Stored items:

━━━━━━━━

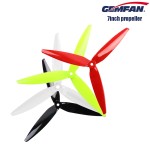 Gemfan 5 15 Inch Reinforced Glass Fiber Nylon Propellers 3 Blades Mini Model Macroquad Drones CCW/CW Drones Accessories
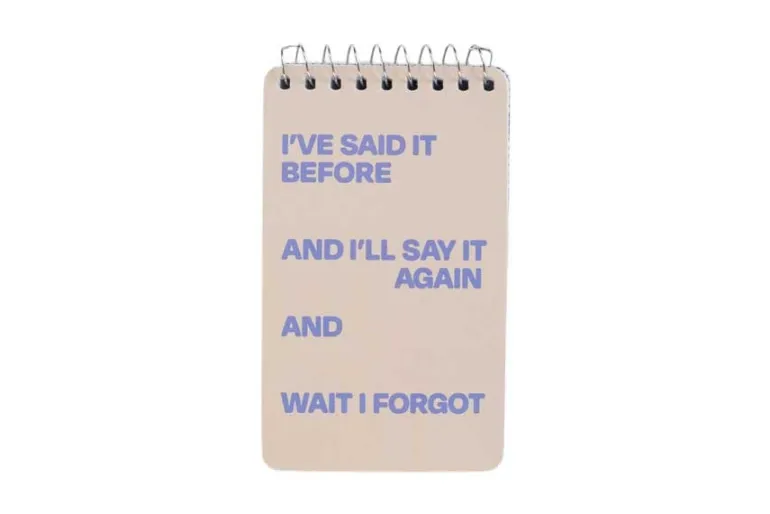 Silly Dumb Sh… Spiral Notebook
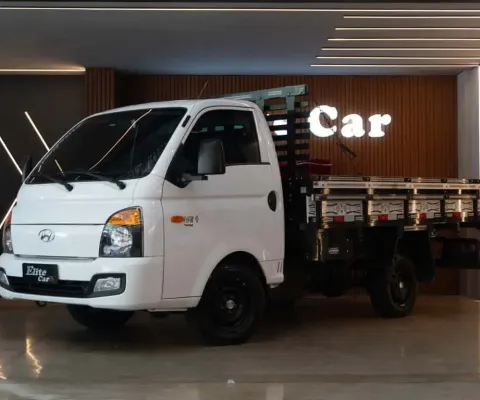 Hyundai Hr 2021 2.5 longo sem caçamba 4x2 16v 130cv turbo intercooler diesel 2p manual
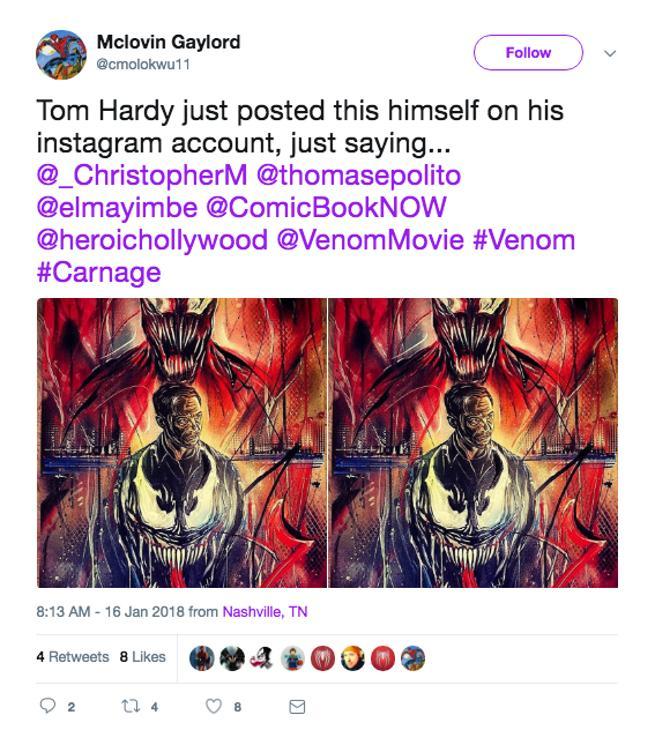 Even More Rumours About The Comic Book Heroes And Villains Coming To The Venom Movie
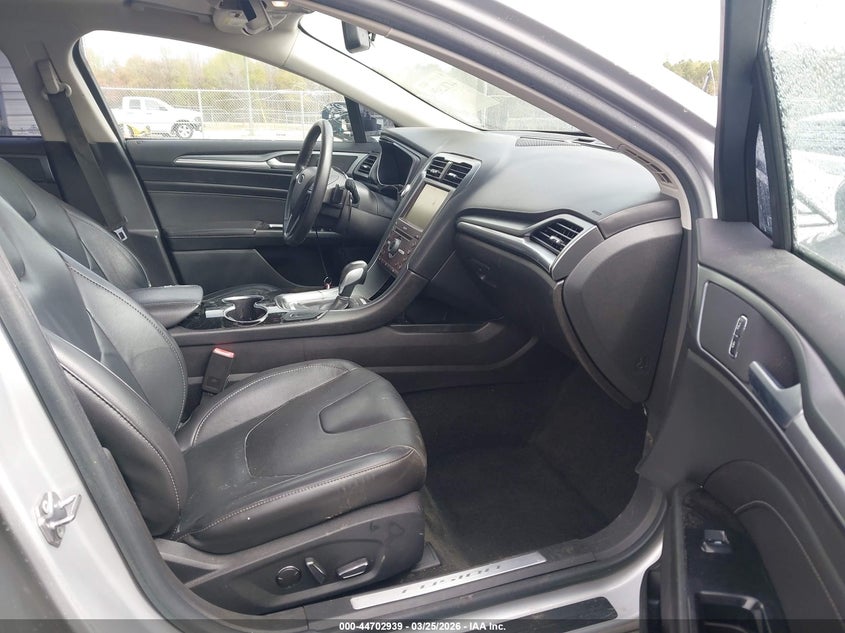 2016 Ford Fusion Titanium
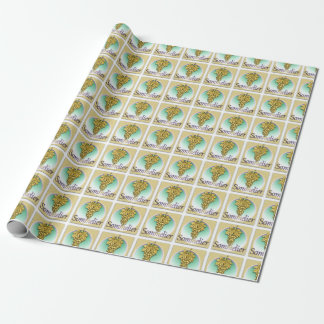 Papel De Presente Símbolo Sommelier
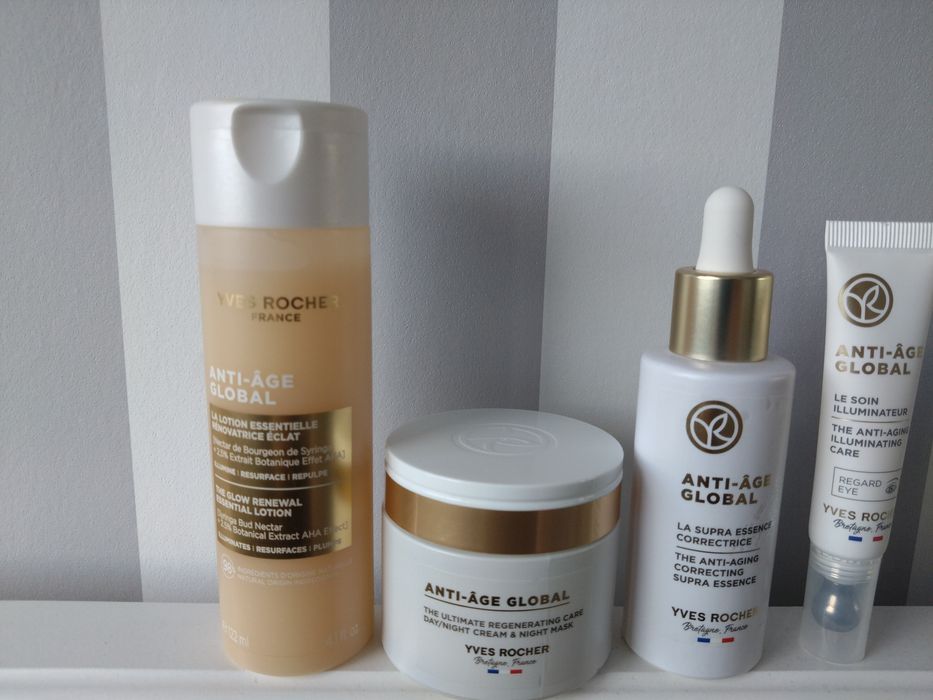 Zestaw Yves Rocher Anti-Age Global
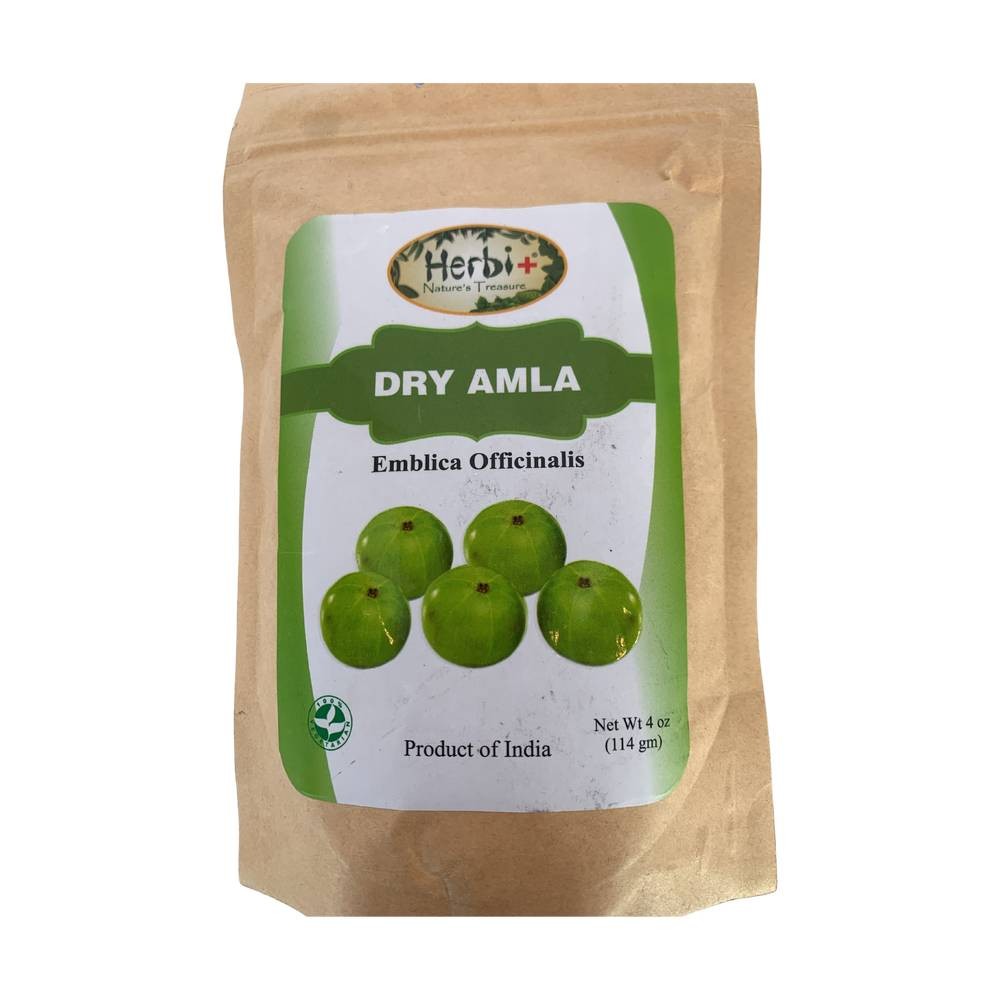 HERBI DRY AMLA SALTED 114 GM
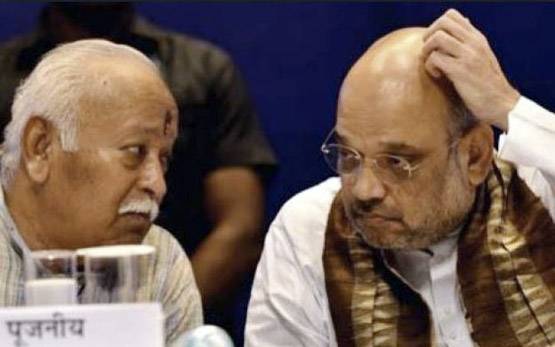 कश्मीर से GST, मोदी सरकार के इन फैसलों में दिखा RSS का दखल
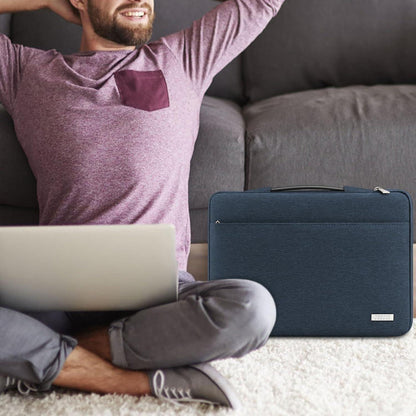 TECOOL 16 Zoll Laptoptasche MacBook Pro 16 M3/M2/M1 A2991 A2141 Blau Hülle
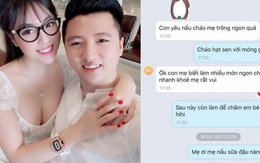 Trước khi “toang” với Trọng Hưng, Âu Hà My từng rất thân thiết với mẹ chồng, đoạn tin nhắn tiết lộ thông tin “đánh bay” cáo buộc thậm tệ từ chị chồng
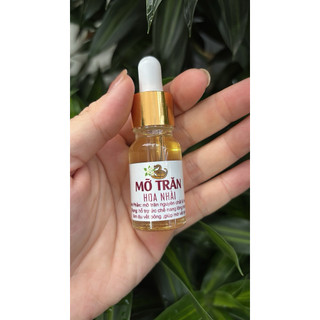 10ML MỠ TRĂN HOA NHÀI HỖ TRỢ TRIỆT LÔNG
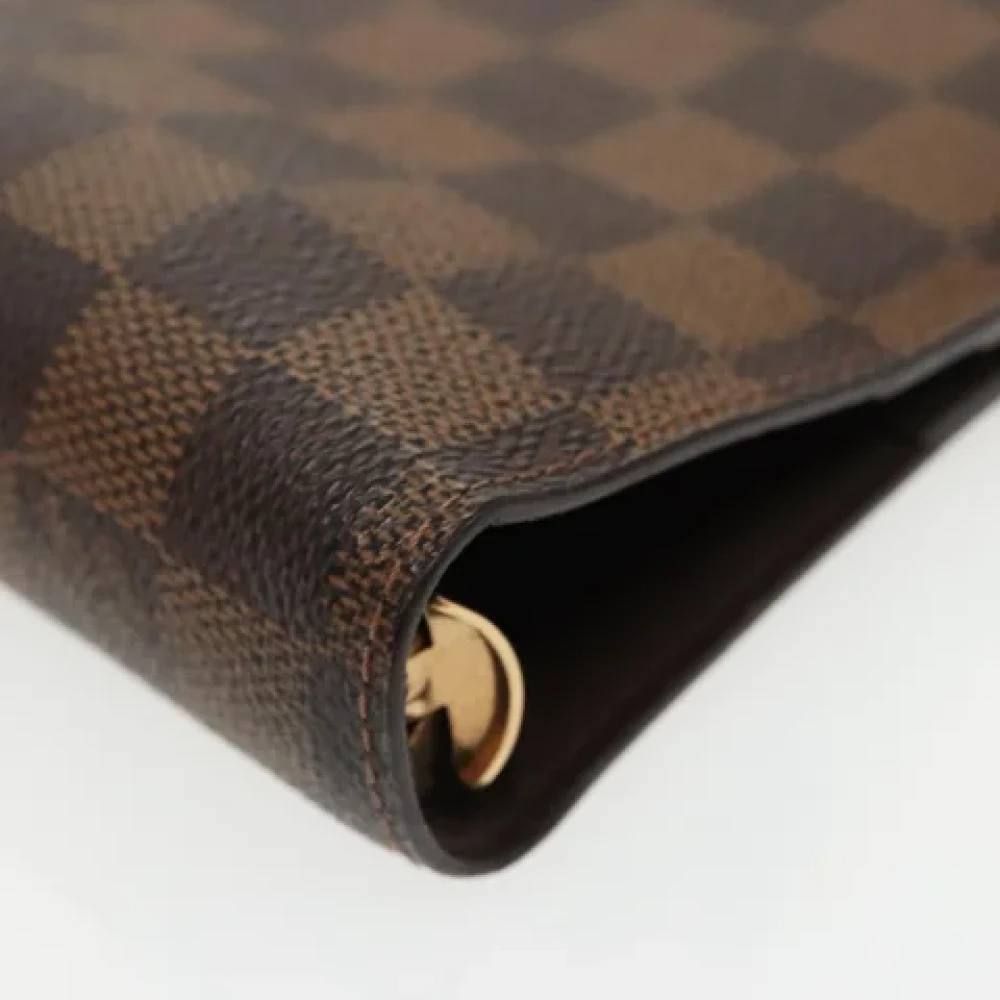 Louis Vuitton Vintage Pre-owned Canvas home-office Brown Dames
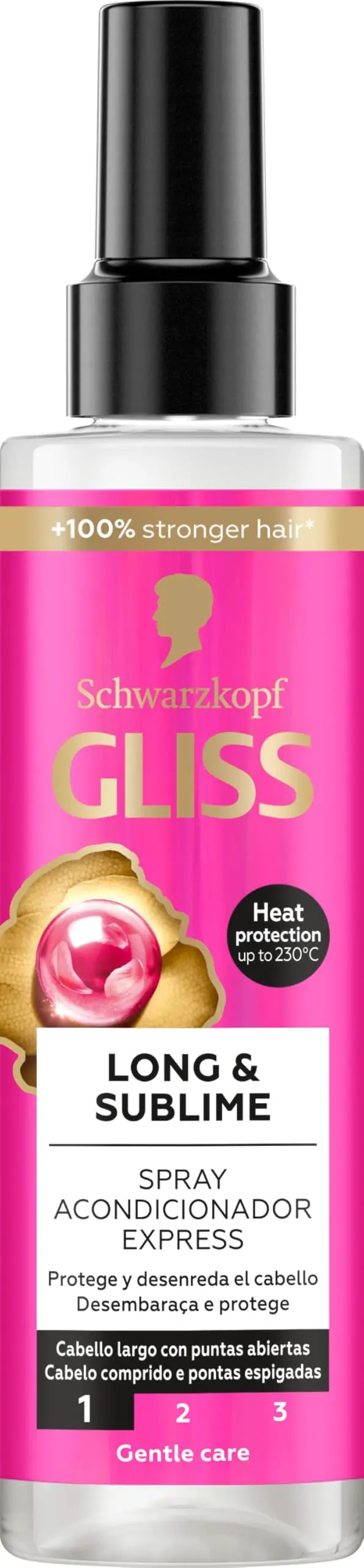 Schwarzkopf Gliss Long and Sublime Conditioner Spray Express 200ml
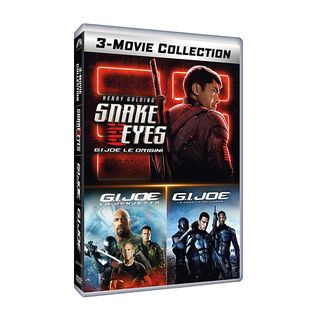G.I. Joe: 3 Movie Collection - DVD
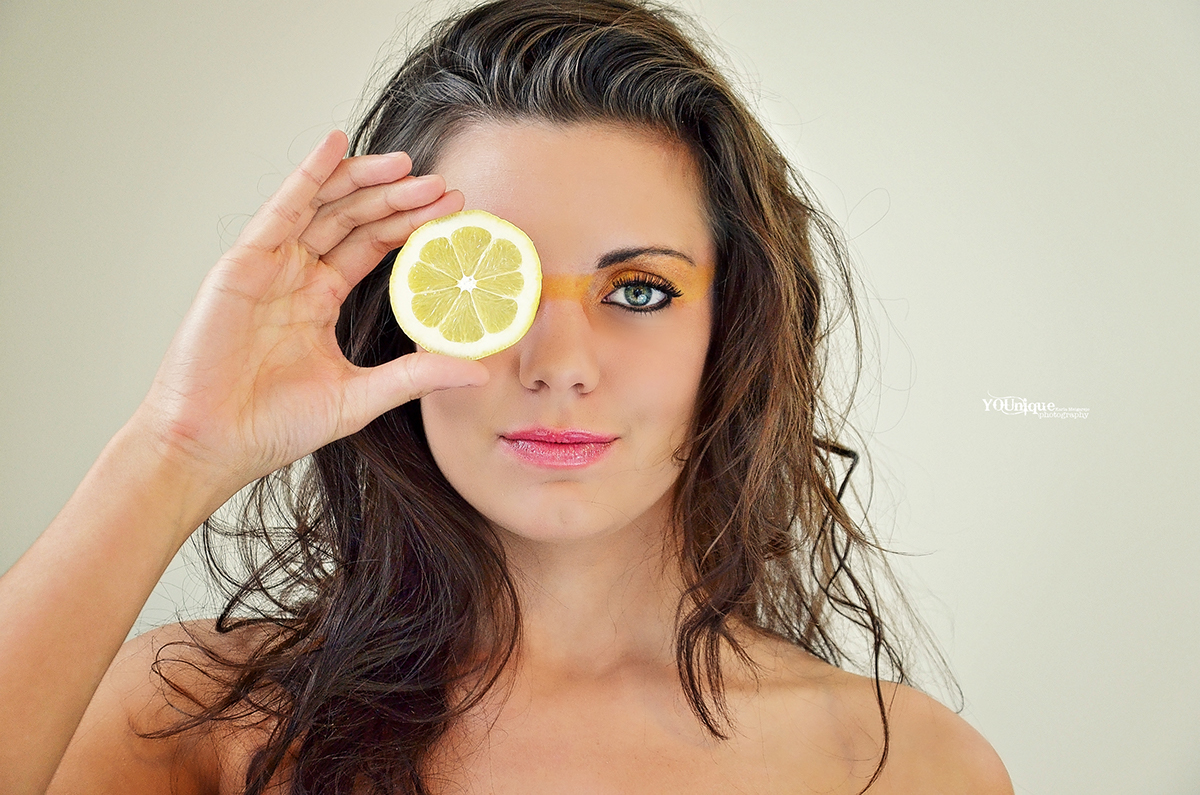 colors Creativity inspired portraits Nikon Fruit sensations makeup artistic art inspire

━━━━━━━━

Your answer must be a verbatim copy of the entries above, with no images included.

 Gemfan 5 15 Inch Reinforced Glass Fiber Nylon Propellers 3 Blades Mini Model Macroquad Drones CCW/CW Drones Accessories
 Silly Dumb Sh… Spiral Notebook
 Hyundai Hr 2021 2.5 longo sem caçamba 4x2 16v 130cv turbo intercooler diesel 2p manual
 Even More Rumours About The Comic Book Heroes And Villains Coming To The Venom Movie
 2016 Ford Fusion Titanium
 Papel De Presente Símbolo Sommelier
 Zestaw Yves Rocher Anti-Age Global
 HERBI DRY AMLA SALTED 114 GM
 कश्मीर से GST, मोदी सरकार के इन फैसलों में दिखा RSS का दखल
 TECOOL 16 Zoll Laptoptasche MacBook Pro 16 M3/M2/M1 A2991 A2141 Blau Hülle
 Trước khi “toang” với Trọng Hưng, Âu Hà My từng rất thân thiết với mẹ chồng, đoạn tin nhắn tiết lộ thông tin “đánh bay” cáo buộc thậm tệ từ chị chồng
 10ML MỠ TRĂN HOA NHÀI HỖ TRỢ TRIỆT LÔNG
 Louis Vuitton Vintage Pre-owned Canvas home-office Brown Dames
 Schwarzkopf Gliss Long and Sublime Conditioner Spray Express 200ml
G.I. Joe: 3 Movie Collection - DVD
 colors Creativity inspired portraits Nikon Fruit sensations makeup artistic art inspire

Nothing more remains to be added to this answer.